O enredo de qualquer narrativa ficcional se constitui a partir de variados temas, dos
mais banais aos mais complexos. Todavia, “O verdadeiro tema de uma obra não é o assunto
tratado, assunto consciente e desejado, que se confunde com o que as palavras designam, mas
os temas inconscientes, os arquétipos involuntários em que as palavras, e também as cores e
os sons tomam seu sentido.” (BRUNEL, PICHOIS e ROUSSEAU, 1990, p. 121).
É sabido que João Guimarães Rosa tomava notas compulsivamente e disse que o fazia
por que “às vezes você tem uma ideia muito bonita, mas ela não se repete.” (SCHMIDT, A.

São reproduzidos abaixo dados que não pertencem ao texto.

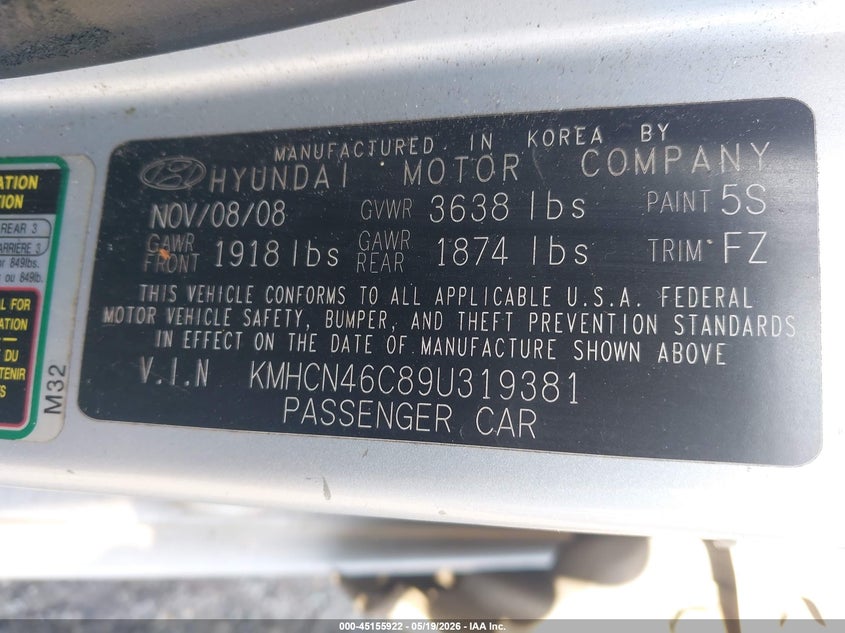 2009 Hyundai Accent VIN KMHCN46C89U319381 IAAI salvage auction — FRONT END, Salvage (Georgia), sold $300 on 2026-07-08 (photo 9)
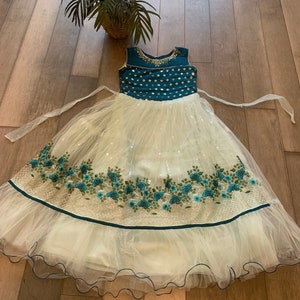 Exquisite Kids Gown in Soft Netted Embroidery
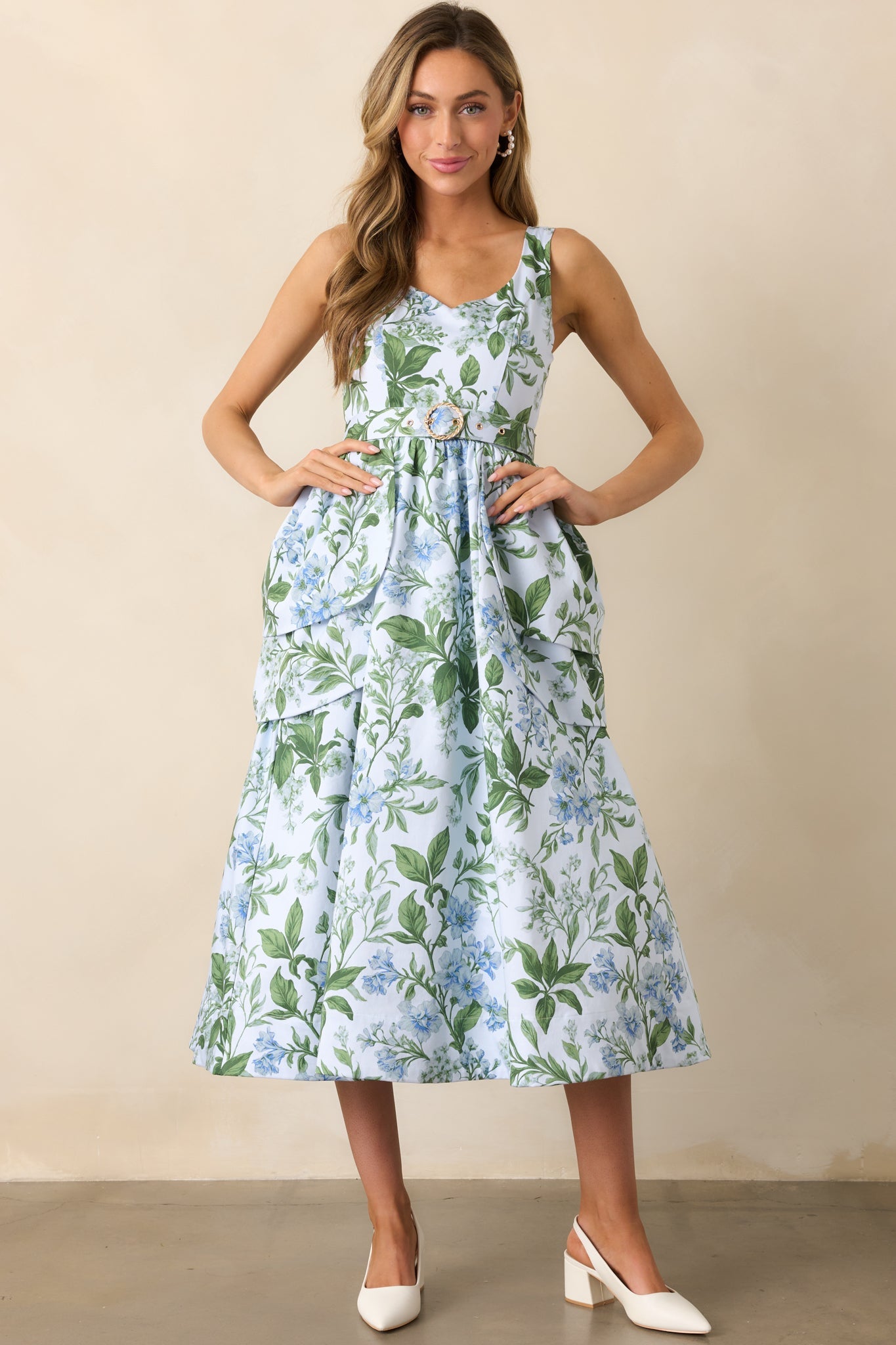 Diana Blue Lilacs Botanical Print Cotton Petal Maxi Dress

F., 2006). O volumoso acervo, com cerca de vinte mil documentos, entre cadernos, cartas,
documentos pessoais, projetos de livros e recortes de artigos de jornais e revistas,
colecionados e guardados pelo próprio escritor, atualmente arquivados no Instituto de Estudos
Brasileiros (IEB) da Universidade de São Paulo, são prova cabal disso.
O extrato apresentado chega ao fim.